*** Opening INPUT ***

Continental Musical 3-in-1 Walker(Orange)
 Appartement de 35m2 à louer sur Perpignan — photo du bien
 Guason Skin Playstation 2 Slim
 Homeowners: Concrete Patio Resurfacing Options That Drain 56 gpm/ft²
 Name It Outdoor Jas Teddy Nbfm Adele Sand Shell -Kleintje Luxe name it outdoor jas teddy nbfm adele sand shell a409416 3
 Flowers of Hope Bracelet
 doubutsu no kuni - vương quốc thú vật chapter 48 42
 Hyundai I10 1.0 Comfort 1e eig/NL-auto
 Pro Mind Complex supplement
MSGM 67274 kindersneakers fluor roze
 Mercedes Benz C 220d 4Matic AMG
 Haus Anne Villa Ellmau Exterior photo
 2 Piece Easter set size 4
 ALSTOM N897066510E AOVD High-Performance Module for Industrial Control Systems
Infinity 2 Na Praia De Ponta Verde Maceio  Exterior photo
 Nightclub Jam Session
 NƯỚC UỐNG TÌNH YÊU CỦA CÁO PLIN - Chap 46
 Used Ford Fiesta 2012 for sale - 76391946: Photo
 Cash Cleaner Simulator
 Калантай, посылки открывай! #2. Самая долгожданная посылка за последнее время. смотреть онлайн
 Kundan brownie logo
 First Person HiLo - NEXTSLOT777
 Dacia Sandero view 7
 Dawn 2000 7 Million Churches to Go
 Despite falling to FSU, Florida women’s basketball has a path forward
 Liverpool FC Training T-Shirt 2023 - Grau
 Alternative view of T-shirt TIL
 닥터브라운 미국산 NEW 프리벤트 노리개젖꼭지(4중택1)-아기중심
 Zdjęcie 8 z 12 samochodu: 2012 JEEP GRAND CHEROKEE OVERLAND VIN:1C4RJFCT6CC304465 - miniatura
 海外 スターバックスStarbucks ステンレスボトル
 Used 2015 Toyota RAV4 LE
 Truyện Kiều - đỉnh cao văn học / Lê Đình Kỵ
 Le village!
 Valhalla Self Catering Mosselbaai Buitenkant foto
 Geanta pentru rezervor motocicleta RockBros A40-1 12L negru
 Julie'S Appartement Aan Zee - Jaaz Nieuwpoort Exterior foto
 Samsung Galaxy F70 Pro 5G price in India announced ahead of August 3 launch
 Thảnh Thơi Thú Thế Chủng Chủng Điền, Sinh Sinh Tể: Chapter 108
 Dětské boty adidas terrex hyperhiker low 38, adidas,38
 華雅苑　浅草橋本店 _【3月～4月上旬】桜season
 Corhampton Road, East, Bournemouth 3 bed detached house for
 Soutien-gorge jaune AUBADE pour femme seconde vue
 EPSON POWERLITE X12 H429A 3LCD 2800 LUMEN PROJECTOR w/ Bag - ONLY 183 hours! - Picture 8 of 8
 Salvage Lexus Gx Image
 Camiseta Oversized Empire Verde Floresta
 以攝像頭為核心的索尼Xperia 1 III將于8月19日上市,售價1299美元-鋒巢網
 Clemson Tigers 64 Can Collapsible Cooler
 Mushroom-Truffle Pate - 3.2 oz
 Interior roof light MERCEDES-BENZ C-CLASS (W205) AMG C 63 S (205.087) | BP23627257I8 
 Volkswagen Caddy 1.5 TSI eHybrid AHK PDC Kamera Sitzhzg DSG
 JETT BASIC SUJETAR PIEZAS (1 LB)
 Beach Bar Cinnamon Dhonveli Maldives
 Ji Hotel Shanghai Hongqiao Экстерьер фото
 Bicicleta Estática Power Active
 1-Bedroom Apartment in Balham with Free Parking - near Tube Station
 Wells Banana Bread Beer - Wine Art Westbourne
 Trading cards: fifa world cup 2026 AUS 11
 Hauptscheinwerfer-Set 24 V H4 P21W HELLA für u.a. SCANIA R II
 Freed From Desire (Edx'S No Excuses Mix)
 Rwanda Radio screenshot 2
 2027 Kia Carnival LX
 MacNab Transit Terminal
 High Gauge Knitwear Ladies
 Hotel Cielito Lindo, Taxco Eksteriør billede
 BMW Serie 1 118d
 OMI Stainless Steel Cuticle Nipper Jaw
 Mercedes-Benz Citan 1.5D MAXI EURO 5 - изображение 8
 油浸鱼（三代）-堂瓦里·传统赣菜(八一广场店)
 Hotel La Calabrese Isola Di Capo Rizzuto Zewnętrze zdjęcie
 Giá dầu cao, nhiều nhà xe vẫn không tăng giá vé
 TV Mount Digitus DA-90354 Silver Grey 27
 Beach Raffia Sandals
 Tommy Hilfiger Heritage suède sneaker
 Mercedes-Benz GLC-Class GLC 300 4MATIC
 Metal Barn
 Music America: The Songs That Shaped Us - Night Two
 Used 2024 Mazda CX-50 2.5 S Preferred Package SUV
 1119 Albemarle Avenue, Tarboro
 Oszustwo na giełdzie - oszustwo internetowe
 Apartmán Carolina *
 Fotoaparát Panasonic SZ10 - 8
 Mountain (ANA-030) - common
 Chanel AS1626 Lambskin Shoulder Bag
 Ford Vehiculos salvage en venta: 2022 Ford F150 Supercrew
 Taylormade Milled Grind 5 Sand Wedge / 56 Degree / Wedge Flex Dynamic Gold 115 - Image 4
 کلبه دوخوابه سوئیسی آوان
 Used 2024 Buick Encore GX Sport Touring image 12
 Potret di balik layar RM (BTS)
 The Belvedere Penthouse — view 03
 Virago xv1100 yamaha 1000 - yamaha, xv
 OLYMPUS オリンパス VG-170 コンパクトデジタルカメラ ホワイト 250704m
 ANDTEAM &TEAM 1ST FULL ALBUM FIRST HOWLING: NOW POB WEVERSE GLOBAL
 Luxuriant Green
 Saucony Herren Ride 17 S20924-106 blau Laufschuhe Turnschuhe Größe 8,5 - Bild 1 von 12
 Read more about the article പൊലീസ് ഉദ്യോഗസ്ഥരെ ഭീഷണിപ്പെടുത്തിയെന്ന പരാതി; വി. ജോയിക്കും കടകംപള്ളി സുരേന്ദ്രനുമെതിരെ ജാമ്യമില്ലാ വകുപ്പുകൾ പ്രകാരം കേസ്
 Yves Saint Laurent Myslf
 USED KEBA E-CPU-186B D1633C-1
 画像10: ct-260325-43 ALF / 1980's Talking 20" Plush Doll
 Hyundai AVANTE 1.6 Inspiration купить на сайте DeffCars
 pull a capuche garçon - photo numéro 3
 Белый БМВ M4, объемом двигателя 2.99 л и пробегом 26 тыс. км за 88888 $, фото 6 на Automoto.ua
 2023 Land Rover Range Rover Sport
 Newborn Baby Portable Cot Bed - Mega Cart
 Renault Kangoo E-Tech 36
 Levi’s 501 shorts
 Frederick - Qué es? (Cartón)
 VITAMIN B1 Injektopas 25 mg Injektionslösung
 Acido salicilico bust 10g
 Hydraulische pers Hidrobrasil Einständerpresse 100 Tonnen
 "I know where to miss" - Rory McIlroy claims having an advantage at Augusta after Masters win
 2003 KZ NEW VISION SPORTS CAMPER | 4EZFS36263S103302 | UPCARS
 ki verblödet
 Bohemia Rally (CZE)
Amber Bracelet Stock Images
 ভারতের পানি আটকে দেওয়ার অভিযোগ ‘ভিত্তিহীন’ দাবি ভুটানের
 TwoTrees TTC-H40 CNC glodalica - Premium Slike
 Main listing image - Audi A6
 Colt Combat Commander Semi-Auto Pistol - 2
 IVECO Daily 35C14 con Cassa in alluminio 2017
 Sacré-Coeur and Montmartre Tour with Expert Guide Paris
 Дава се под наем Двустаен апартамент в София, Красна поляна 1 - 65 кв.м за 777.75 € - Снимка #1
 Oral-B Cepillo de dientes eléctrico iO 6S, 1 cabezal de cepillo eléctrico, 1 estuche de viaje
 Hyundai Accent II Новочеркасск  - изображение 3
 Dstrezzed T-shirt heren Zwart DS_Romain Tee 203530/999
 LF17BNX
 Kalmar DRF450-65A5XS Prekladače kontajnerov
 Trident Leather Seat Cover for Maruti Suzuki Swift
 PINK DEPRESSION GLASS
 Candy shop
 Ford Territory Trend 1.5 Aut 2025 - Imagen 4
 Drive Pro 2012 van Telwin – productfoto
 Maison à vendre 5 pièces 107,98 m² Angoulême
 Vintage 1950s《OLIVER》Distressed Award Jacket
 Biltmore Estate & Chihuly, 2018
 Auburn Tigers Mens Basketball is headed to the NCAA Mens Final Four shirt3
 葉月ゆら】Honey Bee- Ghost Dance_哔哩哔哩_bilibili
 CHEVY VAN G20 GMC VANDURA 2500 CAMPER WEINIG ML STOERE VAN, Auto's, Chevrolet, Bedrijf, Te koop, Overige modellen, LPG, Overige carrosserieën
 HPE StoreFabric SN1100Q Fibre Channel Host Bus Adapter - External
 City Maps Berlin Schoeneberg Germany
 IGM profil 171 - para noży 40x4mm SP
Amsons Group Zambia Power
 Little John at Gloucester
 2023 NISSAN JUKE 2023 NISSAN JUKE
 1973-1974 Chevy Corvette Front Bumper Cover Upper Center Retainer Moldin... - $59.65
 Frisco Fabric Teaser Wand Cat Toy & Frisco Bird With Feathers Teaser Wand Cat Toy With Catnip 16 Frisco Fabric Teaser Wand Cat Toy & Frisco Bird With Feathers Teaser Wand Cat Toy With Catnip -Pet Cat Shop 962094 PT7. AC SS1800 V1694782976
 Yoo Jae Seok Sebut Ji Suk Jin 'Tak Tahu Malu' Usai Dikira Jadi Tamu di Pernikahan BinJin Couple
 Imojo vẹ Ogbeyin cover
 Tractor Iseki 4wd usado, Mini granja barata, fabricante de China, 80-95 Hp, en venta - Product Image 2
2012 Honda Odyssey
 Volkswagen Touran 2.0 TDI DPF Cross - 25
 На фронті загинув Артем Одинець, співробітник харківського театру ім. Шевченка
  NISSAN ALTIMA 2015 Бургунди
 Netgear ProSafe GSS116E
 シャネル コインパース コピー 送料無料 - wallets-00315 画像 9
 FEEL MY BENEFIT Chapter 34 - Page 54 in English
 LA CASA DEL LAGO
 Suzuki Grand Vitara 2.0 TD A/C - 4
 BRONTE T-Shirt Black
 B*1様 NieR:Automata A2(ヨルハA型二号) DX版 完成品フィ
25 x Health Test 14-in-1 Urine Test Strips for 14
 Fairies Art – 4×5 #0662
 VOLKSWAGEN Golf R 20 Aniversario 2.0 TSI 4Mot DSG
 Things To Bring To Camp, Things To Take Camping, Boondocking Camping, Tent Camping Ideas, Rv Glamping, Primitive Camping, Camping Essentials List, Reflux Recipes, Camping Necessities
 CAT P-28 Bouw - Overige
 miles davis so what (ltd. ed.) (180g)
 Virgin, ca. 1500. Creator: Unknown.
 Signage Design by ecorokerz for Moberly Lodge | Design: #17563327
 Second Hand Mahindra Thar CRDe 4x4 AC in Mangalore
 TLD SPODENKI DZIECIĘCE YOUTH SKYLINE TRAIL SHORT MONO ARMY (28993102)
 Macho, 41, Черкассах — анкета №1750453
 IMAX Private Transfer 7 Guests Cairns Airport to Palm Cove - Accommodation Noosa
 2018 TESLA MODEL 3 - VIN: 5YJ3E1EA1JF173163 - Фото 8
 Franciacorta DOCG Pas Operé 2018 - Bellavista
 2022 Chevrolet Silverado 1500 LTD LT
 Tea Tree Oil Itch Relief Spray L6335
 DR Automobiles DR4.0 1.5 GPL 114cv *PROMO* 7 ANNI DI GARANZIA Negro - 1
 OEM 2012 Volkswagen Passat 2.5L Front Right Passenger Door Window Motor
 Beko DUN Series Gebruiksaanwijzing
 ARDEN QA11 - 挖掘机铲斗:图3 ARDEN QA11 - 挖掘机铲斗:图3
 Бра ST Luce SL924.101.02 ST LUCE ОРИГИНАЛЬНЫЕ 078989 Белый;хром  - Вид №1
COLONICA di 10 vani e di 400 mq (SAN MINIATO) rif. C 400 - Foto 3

*** Closing INPUT ***

*INSTRUCTIONS TO FOLLOW:*
Every line above with the word "Tigers" is to be copied out.

*WORKED SOLUTION:*
 Clemson Tigers 64 Can Collapsible Cooler
 Auburn Tigers Mens Basketball is headed to the NCAA Mens Final Four shirt3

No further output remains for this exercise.